Das Intro zu „From Eden To Exile And Then To Dust“ tut da nur sein Übriges, um die Verschmelzung von Realität und Traum zu skizzieren. Das alles passiert in einem derart dichten, synthetischen Gewand, dass die akustischere zweite Hälfte des Albums überrascht. „It’s A Blast“ ist ein subtiles und bedrohliches Eingeständnis, in dem sich fragiles Raspeln und harmonischer hallloser Chor abwechseln.

Zwischen Ordnung und Willkür, Mehrstimmigkeit und Vervielfältigung spannt sich ein Netz, das ganz ohne Dichte und rapidem Gefälle eine enorme Spannung aufbaut.

Den Abschluss macht das kurze „Removal Of Hope“, das trotz seines sinnverweigernden Titels eher einem religiösen Auftrag an das Selbst nahekommt. Wachstum aus Anerkennung bisheriger Fehler und dem Versprechen der harten Arbeit am eigenen Wesen.

„Removal Of Hope“ oder die endgültige Entfernung der Hoffnung scheint als Leitmotiv und Beschreibung des ganzen Albums besser geeignet zu sein, als jede objektive Definition.

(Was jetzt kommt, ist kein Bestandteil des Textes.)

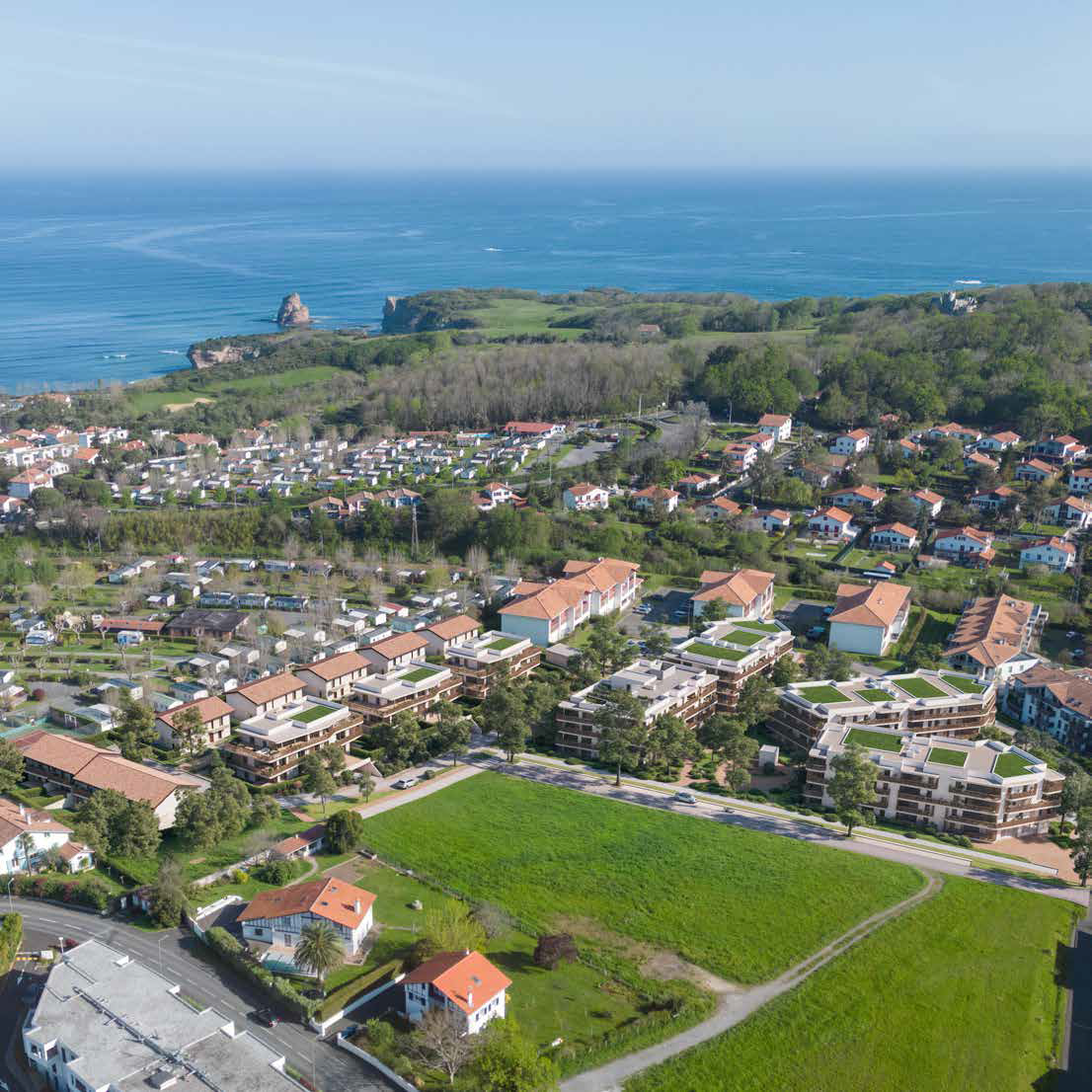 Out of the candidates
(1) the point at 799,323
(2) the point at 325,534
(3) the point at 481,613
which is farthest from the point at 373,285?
(3) the point at 481,613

Woman’s Hour machen auf „Ephyra“ und aus der Tabuisierung des Begriffs der Hoffnung ein Eingeständnis an die Kraft der eigenen Veränderung. Wo musikalisch mit Nuancen und einem bewussten Dauerrauschen gearbeitet wird, ist es auch sonst ein Album über die menschlichen Fehler und die Kraft jedes Einzelnen.

Im Mittelpunkt ist also die Kontemplation geblieben, der Ausbruch daraus wird auf „Ephyra“ aber endgültig zum Thema.